INPUT DATA |
########################################
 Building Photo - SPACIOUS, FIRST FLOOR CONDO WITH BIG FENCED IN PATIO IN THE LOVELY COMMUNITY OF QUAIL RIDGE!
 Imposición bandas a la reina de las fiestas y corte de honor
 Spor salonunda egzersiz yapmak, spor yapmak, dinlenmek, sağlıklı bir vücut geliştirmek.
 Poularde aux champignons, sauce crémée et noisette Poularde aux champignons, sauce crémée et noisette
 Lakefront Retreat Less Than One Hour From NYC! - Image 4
########################################
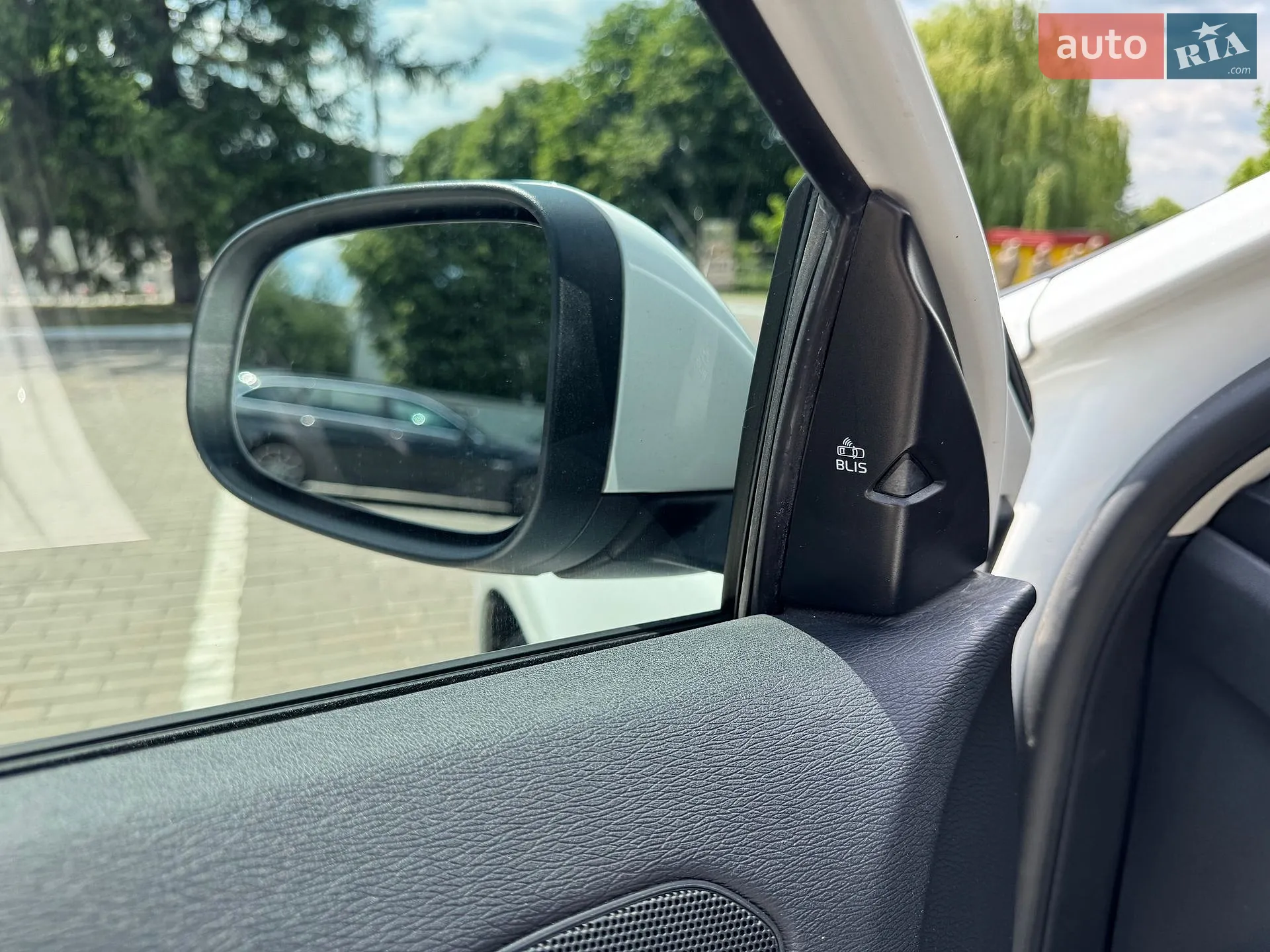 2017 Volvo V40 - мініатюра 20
########################################
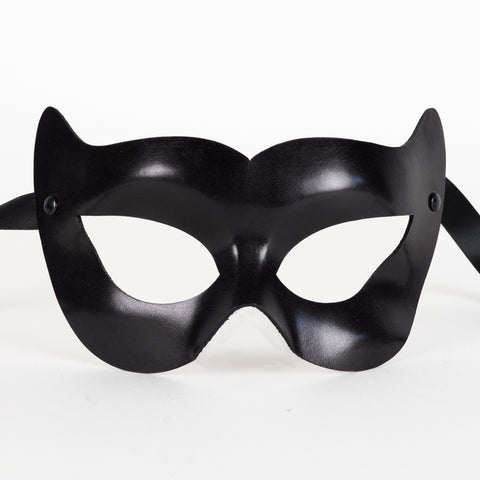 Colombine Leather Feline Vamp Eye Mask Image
########################################
TASK TO COMPLETE |
From the entries above, print the lines beginning at the one with "Building Photo - SPACIOUS, FIRST" and stopping after the one with "Lakefront Retreat Less", exactly as written and with nothing else.

FINAL ANSWER |
 Building Photo - SPACIOUS, FIRST FLOOR CONDO WITH BIG FENCED IN PATIO IN THE LOVELY COMMUNITY OF QUAIL RIDGE!
 Imposición bandas a la reina de las fiestas y corte de honor
 Spor salonunda egzersiz yapmak, spor yapmak, dinlenmek, sağlıklı bir vücut geliştirmek.
 Poularde aux champignons, sauce crémée et noisette Poularde aux champignons, sauce crémée et noisette
 Lakefront Retreat Less Than One Hour From NYC! - Image 4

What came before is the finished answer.